Oct 28, 2020
Source: https://m.dailyhunt.in
Imagine a situation. You are an earning individual, who is managing your own finances, has worked out a system that takes care of money collection, expenses.
One fine day, a person comes along and proposes a new system to manage the finances. He says that he will collect money on your behalf. A part of that money will be directly credited to you. But since you’re shifting to a new system and are skeptical about its viability, the person promises that you will be disbursed the amount of shortfall that occurred for a certain period of time. On the promise, you switch to the new system, but as time passes, crisis hits, and you are told that the person is not able to meet the shortfall amount promised.
The compensation isn’t paid on time and every time you have to ask the person to remember the commitment and pay you the money. You, already struggling to adjust your finances as per the new system, in turn, are asked to borrow money. Wouldn’t that frustrate you?
Well, that’s what Indian states are feeling. With COVID-19 drying funds and the Centre delaying the GST compensation, the states are finding it difficult to run the administration. Though after the recent friction between Centre and State, formerly gave in to the demands of the latter, the states have become more desperate for funds due to impending health crisis and contraction of the economy. The Centralized GST system which was supposed to ‘Reform’ India’s federal Tax collection system, eliminate VAT and get rid of layers of taxes, has ended up being a labyrinthine maze. The states which have found themselves starved of funds are now raising voice against it and even talking about returning to the old tax system.
Uddhav Thackeray Joins the Chorus
Maharashtra, the economic capital of India saw a fall in the GST revenue collection which was Rs. 13,579 crores in September 2019. In September 2020, the revenue from GST collection was Rs. 13,546 crore – almost a Zero percent growth. Notably, the state was the worst hit among all the other states due to the pandemic.
Days after the Centre v/s State clash over GST compensation, Maharashtra Chief Minister Uddhav Thackeray raised the matter once again during his Dussehra rally speech. He said that Maharashtra has not been refunded its Goods and Service Tax (GST) dues of Rs. 38,000 crore. ‘From all this, it appears that the GST system is proving a hoax and if it is not working, then the Prime Minister should honestly admit it and bring back the old system of taxation,’ Thackeray thundered.

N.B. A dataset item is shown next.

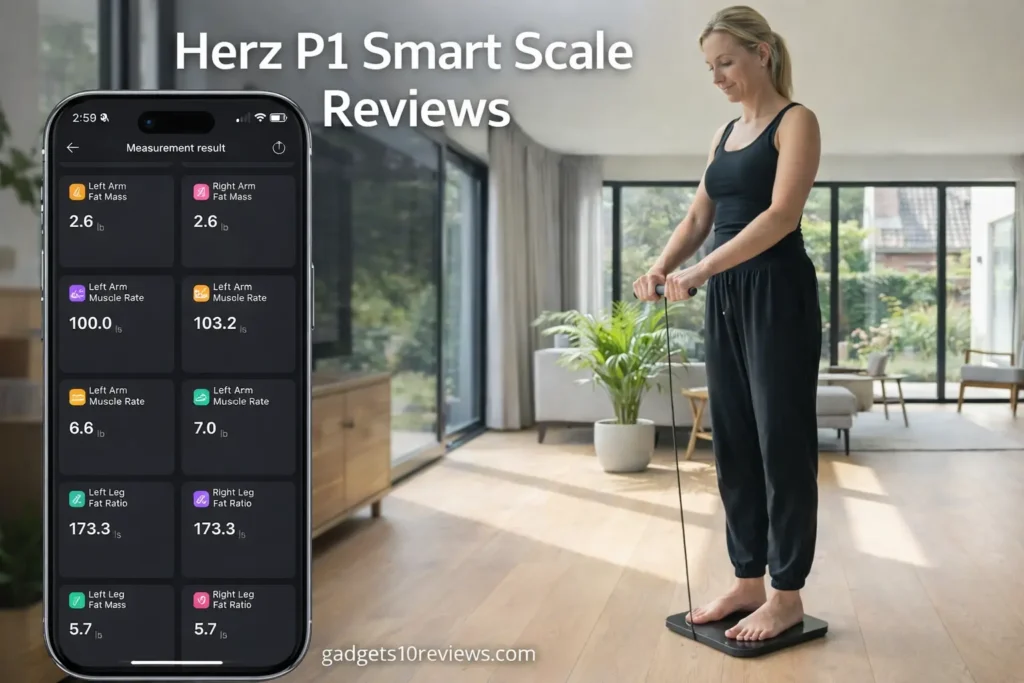 As A Women is Using The Herz P1 Smart Scale & You Can Also See The Results In The Mobile App.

He also called upon the other state chief ministers facing similar issues to join and meet the PM to discuss and sort out the issue.
The GST Agreement
In 2017, the states were convinced to let go of the federal taxes and adopt the Goods and Services Tax based on a guarantee that they will be duly compensated for the period of five years till 2022. It is calculated at a growth rate of 14% keeping 2015-16 as the base year. To that effect, the Parliament passed the GST (Compensation to States) Act, 2017. The difference between this projected growth and the actual amounts collected by states on account of GST, year-on-year would be payable by the Center to compensate for any speculative shortfall in revenue.
But since the pandemic and subsequent lockdown hit India after the long spell of economic slowdown, the GST collection has tumbled. Thus, the compensation amount that the Centre must pay to the states has gone up but the drying of collection meant that the Centre could not fulfill the obligation. The central government compensates states bi-monthly, but since the slowdown, it has stopped the bi-monthly release.
CAG Pulls Up Centre
The Comptroller and Auditor General of India too pulled up Central Govt for violating the provisions of the GST Act. In FYs 2017-18 and 2018-19, the Center collected compensation cess totaling Rs.1,57,693 crore. It released Rs.1,10,421 crore as compensation to the states. However, it failed to transfer the balance amount of Rs. 47,272 crore to the Compensation Fund.
According to the CAG report, “The amount by which the cess was short credited was also retained in the CFI and became available for use for purposes other than what was provided in the act. Short crediting of cess collected during the year led to an overstatement of revenue receipts and understatement of fiscal deficit for the year”.
Centralization of Power for Control
The issue, however, goes beyond the lack of funds for states. The GST system has designed in a way that appears to centralize the power in the hands of the Central govt. Earlier, the states that had their own taxation powers, surrendered the powers in lieu of the compensation promised and guaranteed by the Centre. But now they have to knock on the doors of Central govt every time there is a shortage of funds. The Centre, on the other hand, controls the money supply and appears to be doing generosity whenever it releases the funds due to the states.